= WORK TO COMPLETE =
Each line with the string "Framsida" is to be copied from the records below.

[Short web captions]
<<<<
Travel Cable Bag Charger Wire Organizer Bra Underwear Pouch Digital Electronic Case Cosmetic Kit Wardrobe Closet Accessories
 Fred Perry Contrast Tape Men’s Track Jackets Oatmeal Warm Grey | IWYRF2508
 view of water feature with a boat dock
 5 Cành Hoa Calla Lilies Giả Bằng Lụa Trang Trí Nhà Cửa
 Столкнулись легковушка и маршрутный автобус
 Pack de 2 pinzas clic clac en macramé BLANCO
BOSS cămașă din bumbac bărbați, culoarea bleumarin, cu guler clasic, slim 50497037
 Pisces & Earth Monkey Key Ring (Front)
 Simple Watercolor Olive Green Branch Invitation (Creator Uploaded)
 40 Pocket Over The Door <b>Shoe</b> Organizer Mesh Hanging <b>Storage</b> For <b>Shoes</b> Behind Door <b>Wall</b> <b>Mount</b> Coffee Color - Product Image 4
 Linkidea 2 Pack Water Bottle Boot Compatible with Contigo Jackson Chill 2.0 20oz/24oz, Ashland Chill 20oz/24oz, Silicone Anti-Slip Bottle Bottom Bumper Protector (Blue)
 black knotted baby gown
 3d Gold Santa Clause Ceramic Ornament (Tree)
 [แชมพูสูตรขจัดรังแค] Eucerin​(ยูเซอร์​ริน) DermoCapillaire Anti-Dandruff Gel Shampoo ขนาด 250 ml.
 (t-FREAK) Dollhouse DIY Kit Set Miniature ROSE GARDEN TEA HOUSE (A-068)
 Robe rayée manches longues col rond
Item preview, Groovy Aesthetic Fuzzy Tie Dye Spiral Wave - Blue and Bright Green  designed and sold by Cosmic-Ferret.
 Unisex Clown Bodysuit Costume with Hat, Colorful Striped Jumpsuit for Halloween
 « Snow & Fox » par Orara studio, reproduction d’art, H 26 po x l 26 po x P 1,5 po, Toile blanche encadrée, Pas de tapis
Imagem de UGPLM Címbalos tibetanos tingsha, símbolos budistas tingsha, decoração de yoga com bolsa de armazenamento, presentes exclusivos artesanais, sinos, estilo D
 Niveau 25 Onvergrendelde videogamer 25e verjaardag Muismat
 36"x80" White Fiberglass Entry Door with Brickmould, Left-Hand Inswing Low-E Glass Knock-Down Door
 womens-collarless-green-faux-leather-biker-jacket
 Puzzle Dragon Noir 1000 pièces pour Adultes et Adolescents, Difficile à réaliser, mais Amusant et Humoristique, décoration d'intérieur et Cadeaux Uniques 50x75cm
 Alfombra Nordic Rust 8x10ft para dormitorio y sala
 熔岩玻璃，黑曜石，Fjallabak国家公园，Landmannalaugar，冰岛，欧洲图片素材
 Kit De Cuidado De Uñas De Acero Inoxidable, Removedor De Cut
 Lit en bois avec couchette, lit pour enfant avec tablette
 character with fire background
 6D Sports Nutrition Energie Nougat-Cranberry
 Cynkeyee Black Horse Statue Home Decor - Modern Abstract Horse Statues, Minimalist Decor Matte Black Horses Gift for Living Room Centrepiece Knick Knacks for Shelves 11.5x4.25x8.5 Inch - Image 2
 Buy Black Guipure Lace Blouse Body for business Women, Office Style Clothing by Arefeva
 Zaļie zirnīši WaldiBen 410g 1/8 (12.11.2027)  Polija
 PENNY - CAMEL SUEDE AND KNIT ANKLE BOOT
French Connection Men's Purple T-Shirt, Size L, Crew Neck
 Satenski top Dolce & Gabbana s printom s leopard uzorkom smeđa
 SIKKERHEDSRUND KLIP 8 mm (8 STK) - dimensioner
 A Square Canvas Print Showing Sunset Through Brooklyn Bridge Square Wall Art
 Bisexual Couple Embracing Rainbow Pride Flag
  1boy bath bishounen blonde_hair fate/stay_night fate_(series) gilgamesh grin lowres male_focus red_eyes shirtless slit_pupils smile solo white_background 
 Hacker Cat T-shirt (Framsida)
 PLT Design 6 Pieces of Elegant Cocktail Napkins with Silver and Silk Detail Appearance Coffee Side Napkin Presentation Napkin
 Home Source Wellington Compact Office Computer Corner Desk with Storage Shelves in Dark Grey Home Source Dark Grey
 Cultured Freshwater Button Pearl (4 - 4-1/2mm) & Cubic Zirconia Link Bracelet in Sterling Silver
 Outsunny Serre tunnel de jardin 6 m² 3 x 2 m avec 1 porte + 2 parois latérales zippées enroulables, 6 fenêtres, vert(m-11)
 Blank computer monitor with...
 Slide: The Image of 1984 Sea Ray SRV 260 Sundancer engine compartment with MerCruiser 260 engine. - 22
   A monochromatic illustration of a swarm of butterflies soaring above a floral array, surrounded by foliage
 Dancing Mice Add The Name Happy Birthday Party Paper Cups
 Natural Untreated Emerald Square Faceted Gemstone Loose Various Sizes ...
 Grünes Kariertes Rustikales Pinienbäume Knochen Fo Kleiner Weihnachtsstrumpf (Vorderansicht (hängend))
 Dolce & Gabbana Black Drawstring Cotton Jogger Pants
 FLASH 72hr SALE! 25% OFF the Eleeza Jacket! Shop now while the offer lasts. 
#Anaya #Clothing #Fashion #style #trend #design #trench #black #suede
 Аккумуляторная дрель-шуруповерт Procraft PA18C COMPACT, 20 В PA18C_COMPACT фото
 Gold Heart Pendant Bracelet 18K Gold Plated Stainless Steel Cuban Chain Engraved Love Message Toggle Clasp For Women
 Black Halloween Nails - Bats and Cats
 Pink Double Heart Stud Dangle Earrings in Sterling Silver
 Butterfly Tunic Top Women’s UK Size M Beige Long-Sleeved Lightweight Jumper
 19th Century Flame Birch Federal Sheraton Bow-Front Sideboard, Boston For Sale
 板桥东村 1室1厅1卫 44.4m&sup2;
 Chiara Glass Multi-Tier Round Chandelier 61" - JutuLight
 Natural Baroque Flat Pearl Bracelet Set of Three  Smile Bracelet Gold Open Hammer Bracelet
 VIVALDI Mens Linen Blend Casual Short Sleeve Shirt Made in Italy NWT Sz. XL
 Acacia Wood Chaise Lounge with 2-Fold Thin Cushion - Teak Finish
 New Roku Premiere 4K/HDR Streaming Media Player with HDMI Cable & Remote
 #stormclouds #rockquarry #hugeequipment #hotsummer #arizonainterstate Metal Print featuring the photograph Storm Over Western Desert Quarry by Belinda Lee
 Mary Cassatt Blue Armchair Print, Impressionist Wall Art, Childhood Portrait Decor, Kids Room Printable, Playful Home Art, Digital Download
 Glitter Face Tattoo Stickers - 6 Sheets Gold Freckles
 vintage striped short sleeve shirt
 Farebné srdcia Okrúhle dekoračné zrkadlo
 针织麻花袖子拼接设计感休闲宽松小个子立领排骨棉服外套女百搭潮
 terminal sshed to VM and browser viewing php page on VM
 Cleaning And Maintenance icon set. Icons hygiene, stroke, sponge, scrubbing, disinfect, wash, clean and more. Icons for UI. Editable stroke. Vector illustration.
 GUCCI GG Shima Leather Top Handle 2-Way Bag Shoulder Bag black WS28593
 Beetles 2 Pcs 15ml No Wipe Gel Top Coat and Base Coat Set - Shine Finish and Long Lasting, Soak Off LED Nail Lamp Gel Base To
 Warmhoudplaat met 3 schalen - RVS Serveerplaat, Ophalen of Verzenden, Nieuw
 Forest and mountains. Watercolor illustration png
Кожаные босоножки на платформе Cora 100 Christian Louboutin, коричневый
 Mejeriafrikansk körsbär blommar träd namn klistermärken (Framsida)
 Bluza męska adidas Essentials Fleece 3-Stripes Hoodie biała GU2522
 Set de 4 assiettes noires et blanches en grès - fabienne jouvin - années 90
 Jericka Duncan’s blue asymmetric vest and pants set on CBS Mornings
>>>>
= EXERCISE ANSWER =
 Hacker Cat T-shirt (Framsida)
 Mejeriafrikansk körsbär blommar träd namn klistermärken (Framsida)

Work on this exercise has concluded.